Your objective = Go through the entries and tally the lines containing the word "memoria". Only the total is wanted.

Caption-style text data =
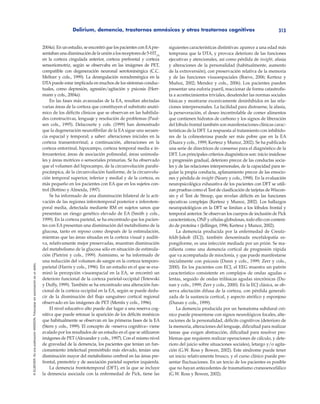 Delirium, demencia, trastornos amnésicos y otros trastornos cognitivos 313
©ELSEVIER.EsunapublicaciónMASSON.Fotocopiarsinautorizaciónesundelito.
2004a). En un estudio, se encontró que los pacientes con EApre-
sentabanunadisminucióndelauniónalosreceptoresde5-HT2A
en la corteza cingulada anterior, corteza prefrontal y corteza
sensoriomotriz, según se observaba en las imágenes de PET,
compatible con degeneración neuronal serotoninérgica (C.C.
Meltzer y cols., 1999). La desregulación noradrenérgica en la
DTApuede estar implicada en muchos de los síntomas conduc-
tuales, como depresión, agresión/agitación y psicosis (Herr-
mann y cols., 2004a).
En las fases más avanzadas de la EA, resultan afectadas
varias áreas de la corteza que constituyen el substrato anató-
mico de los déficits clínicos que se observan en las habilida-
des constructivas, lenguaje y resolución de problemas (Paul-
sen cols., 1995). Delacourte y cols. (1999) han demostrado
que la degeneración neurofibrilar de la EA sigue una secuen-
cia espacial y temporal; a saber: alteraciones iniciales en la
corteza transentorrinal; a continuación, alteraciones en la
corteza entorrinal, hipocampo, corteza temporal media e in-
feroanterior, áreas de asociación polimodal, áreas unimoda-
les y áreas motrices o sensoriales primarias. Se ha observado
que el volumen del hipocampo, de la circunvolución parahi-
pocámpica, de la circunvolución fusiforme, de la circunvolu-
ción temporal superior, inferior y medial y de la corteza, es
más pequeño en los pacientes con EA que en los sujetos con-
trol (Bottino y Almeida, 1997).
Se ha informado de una disminución bilateral de la acti-
vación de las regiones inferotemporal posterior e inferotem-
poral media, detectada mediante RM en sujetos sanos que
presentan un riesgo genético elevado de EA (Smith y cols.,
1999). En la corteza parietal, se ha encontrado que los pacien-
tes con EA presentan una disminución del metabolismo de la
glucosa, tanto en reposo como después de la estimulación,
mientras que las áreas situadas en la corteza visual y auditi-
va, relativamente mejor preservadas, muestran disminución
del metabolismo de la glucosa sólo en situación de estimula-
ción (Pietrini y cols., 1999). Asimismo, se ha informado de
una reducción del volumen de sangre en la corteza temporo-
parietal (Harris y cols., 1996). En un estudio en el que se exa-
minó la percepción visuoespacial en la EA, se encontró un
deterioro funcional de la corteza parietal-occipital (Tetewski
y Duffy, 1999). También se ha encontrado una alteración fun-
cional de la corteza occipital en la EA, según se puede dedu-
cir de la disminución del flujo sanguíneo cortical regional
observado en las imágenes de PET (Mentis y cols., 1996).
El nivel educativo alto puede dar lugar a una reserva cog-
nitiva que puede retrasar la aparición de los déficits mnésicos
que habitualmente se observan en las primeras fases de la EA
(Stern y cols., 1999). El concepto de «reserva cognitiva» viene
avalado por los resultados de un estudio en el que se utilizaron
imágenes de PET (Alexander y cols., 1997). Con el mismo nivel
de gravedad de la demencia, los pacientes que tenían un fun-
cionamiento intelectual premórbido más elevado, tenían una
disminución mayor del metabolismo cerebral en las áreas pre-
frontal, premotriz y de asociación parietal superior izquierda.
La demencia frontotemporal (DFT), en la que se incluye
la demencia asociada con la enfermedad de Pick, tiene las
siguientes características distintivas: aparece a una edad más
temprana que la DTA, y provoca deterioro de las funciones
ejecutivas y atencionales, así como pérdida de insight, afasia
y alteraciones de la personalidad (habitualmente, aumento
de la extroversión), con preservación relativa de la memoria
y de las funciones visuoespaciales (Boeve, 2006; Kertesz y
Muñoz, 2002; Mendez y cols., 2006). Los pacientes pueden
presentar una euforia pueril, reaccionar de forma catastrofis-
ta a acontecimientos triviales, desatender las normas sociales
básicas y mostrarse excesivamente desinhibidos en las rela-
ciones interpersonales. La facilidad para distraerse, la afasia,
la perseveración, el deseo incontrolable de comer alimentos
que contienen hidratos de carbono y los signos de liberación
del lóbulo frontal también son manifestaciones clínicas carac-
terísticas de la DFT. La respuesta al tratamiento con inhibido-
res de la colinesterasa puede ser más pobre que en la EA
(Duara y cols., 1999; Kertesz y Munoz, 2002). Se ha publicado
una serie de directrices de consenso para el diagnóstico de la
DFT. Los principales criterios diagnósticos son: inicio insidioso
y progresión gradual, deterioro precoz de las conductas socia-
les y de las relaciones interpersonales, de la capacidad para re-
gular la propia conducta, aplanamiento precoz de las emocio-
nes y pérdida de insight (Neary y cols., 1998). En la evaluación
neuropsicológica exhaustiva de los pacientes con DFT se utili-
zan pruebas como el Test de clasificación de tarjetas de Wiscon-
sin y el Test de Stroop, que revelan déficits en las funciones
ejecutivas complejas (Kertesz y Munoz, 2002). Los hallazgos
neuropatológicos en la DFT se limitan a los lóbulos frontal y
temporal anterior. Se observan los cuerpos de inclusión de Pick
característicos, ONF y células globulosas, todo ello con conteni-
do de proteína τ (Jellinger, 1996; Kertesz y Munoz, 2002).
La demencia producida por la enfermedad de Creutz-
feldt-Jakob (ECJ), también denominada encefalopatía es-
pongiforme, es una infección mediada por un prión. Se ma-
nifiesta como una demencia cortical de progresión rápida
que va acompañada de mioclonía, y que puede manifestarse
inicialmente con psicosis (Dunn y cols., 1999; Zerr y cols.,
2000). En los pacientes con ECJ, el EEG muestra un patrón
característico consistente en complejos de ondas agudas o
lentas, seguido de ondas trifásicas agudas sincrónicas (Du-
nan y cols., 1999; Zerr y cols., 2000). En la ECJ clásica, se ob-
serva afectación difusa de la corteza, con pérdida generali-
zada de la sustancia cortical, y aspecto atrófico y esponjoso
(Dunan y cols., 1999).
La demencia producida por un hematoma subdural cró-
nico puede presentarse con signos neurológicos focales, alte-
raciones de la personalidad, déficits cognitivos (deterioro de
la memoria, alteraciones del lenguaje, dificultad para realizar
tareas que exigen abstracción, dificultad para resolver pro-
blemas que requieren realizar operaciones de cálculo, y dete-
rioro del juicio sobre situaciones sociales), letargo y/o agita-
ción (G.W. Ross y Bowen, 2002). Este síndrome puede tener
un inicio relativamente brusco, y el curso clínico puede pre-
sentar fluctuaciones. En un tercio de los pacientes es posible
que no hayan antecedentes de traumatismo craneoencefálico
(G.W. Ross y Bowen, 2002).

Exercise result = 2